John I, who succeeded in 1379, named Fernando his confessor and almost immediately sent him with two others, Ruy Bernárdez and Álvaro Meléndez, on a diplomatic mission to the courts of the two competing popes, Clement VII at Avignon and Urban VI at Rome. The purpose of the mission was to gather evidence regarding which of the two popes was legitimate and should be recognized by Castile. Fernando travelled first to Avignon early in 1380, where he heard from 32 witnesses, including ten cardinals. On 26 May, Clement wrote to John to inform him that he had received his ambassadors. Ferdinand and the other two then went to the Kingdom of Naples, where he heard from two cardinals before continuing on to Rome in August, where he heard from 29 witnesses. He arrived back in Castile on 27 September.

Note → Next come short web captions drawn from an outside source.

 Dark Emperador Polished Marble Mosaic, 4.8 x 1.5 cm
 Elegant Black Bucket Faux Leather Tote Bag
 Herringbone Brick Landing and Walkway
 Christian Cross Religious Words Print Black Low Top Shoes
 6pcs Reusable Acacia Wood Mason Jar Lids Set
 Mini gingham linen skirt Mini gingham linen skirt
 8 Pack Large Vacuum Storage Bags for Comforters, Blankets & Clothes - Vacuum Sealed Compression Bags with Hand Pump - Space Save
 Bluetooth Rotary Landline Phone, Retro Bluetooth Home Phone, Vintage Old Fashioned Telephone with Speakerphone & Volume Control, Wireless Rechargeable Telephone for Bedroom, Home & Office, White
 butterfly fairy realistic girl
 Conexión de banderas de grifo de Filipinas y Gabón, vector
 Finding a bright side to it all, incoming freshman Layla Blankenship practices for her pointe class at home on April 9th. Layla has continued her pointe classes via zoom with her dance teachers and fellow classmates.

Fernando was not a neutral diplomat. He favoured Clement and opposed Urban. On 16 May 1380, he accepted from Clement an appointment as papal visitor to the convent of Poor Clares of Santa Clara de Tordesillas with plenary powers to reform it, ratified by the papal bull Ex debita on 16 November. As a result of these and other diplomatic manoeuvres, by May 1381 John had decided in favour of Clement, who rewarded Fernando by appointing him papal chaplain and renewing his rights of visitation in Santa Clara on 3 August 1382. On 13 November, Fernando was in Avignon, where he was given a post in the Apostolic Penitentiary.

===Further service to John I and Henry III===
In 1383, John I sent Fernando on an embassy to Navarre. The purpose of this mission is unknown. Fernando received a gift of four silver cups from the royal almoner of Navarre. In 1385, he received further pieces of silver from Navarre.

John I relied on Fernando's advice, based on his travels in 1380, when in 1383 he assembled the Cortes at Segovia to switch the calendar from the Hispanic era to the era of the Incarnation. Following the defeat of his forces at the battle of Aljubarrota in 1385, he sent Fernando to negotiate a truce with Portugal (February 1389). Fernando was part of the delegation that then negotiated a six-year extension to the truce (29 November 1389).

In 1390, Fernando was one of the six executors of the will of John I. He served John's young successor, Henry III, as tutor and confessor. In 1394, he was sent on to Avignon with Pedro López de Ayala and Juan Rodríguez to greet the new pope, Benedict XIII. On this mission, Fernando requested a canonry in Toledo for Diego Díaz.

In 1406, Fernando was one of Henry III's four executors.

===Service of Avignon===
On 10 March 1404, Benedict XIII appointed Fernando and the prior of Santa María de Guadalupe to examine the regulations of the Hieronymites of Santa María de Sisla so that they could receive papal confirmation. On 21 March 1404, Benedict renewed Fernando's powers in Santa Clara and extended them to Frechos in the diocese of León, while also granting Fernando the right to name his successor.

On 17 August 1408, Benedict wrote to Bishop Francesc Climent Sapera asking him to send Fernando de Illescas to Avignon and to provide him with whatever escort or money he needed. Fernando arrived in Avignon that year and attended the Council of Perpignan. Although he left Avignon after that, he had returned by 19 October 1411. On 19 September 1410, Fernando was appointed visitor of the Poor Clares of Santander.

For the next four years, Fernando was attached to the Apostolic Camera in Avignon. He attended the Council of Constance as a delegate of Castile. In March 1316, he travelled to Peniscola to convince Benedict XIII to resign and end the schism. He failed in this and his other actions at the council seem to have borne little fruit. He continued to work at Avignon until at least 17 October 1415.

==Death==
Fernando's date of death is unknown. He collected an expansive theological library during his travels through Spain, Portugal, Italy and France. Towards the end of his life, he donated it to the Franciscan convent in San Juan de Toledo. The last record of him is dated 16 August 1419, when Pope Martin V ordered the convent not to disperse the books. Fernando probably died not long after. Much of the collection was lost to fire in 1755.